Our Safety Net of Insurance
- We spend our whole life trying to buy security from the unknown, to ensure KNOWN outcomes so that we are protected from everything that might be UNKNOWN…such as a death, a car accident, a fire.
- We got life insurance, healthcare insurance, car insurance, disability insurance, homeowners insurance, personal property insurance, casualty insurance, state and federal unemployment insurance, income insurance via social security and retirement savings …the list goes on and these are just basic insurance types. You can see many more types here. Businesses have their own class of insurances and derivatives to ensure earnings.

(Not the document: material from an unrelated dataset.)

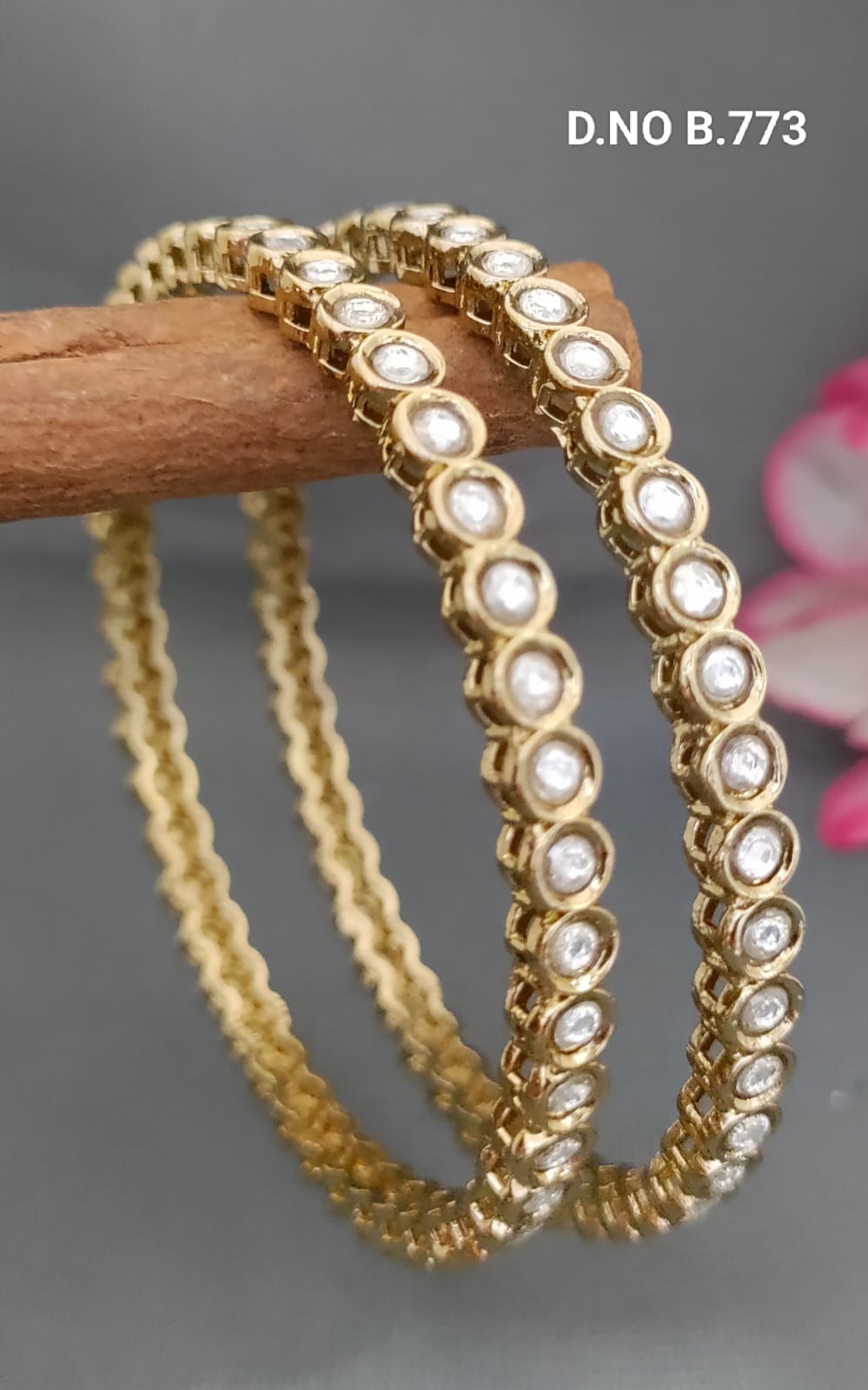 Mehandi Polki Bangles Sku- B.773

- Becuase of our interest in KNOWN outcomes, we spend a large amount of our income insuring ourselves and our businesses to reduce our risk. (My wife and I are fascinated at the cost to just live and breath with basic insurance, even if it is a very simple life) But it can feel very re-assuring to have insurance even though we all seem to pay an arm and leg for it. For those that worry, it helps them worry less.
- For many of us, we work for big companies that provide us with a comfort of job insurance. The larger the company, often the more insured you might be from termination. And even if you do get the axe, you will likely end up with a very nice severance package.
The Rollercoaster Ride of Risk
- Now lets examine entrepreneurial innovation. Entrepreneurial innovation is all about taking big risks! Big risks that can have completely UNKNOWN outcomes. What a radical opposite from all of the insurance that we surround ourselves with. Moreover, being an entrepreneur can also mean lower quality insurance plans. So, with our enormous interest in insurance, it seems counterintuitive to be an entrepreur and take on so much risk and forgoe so much security.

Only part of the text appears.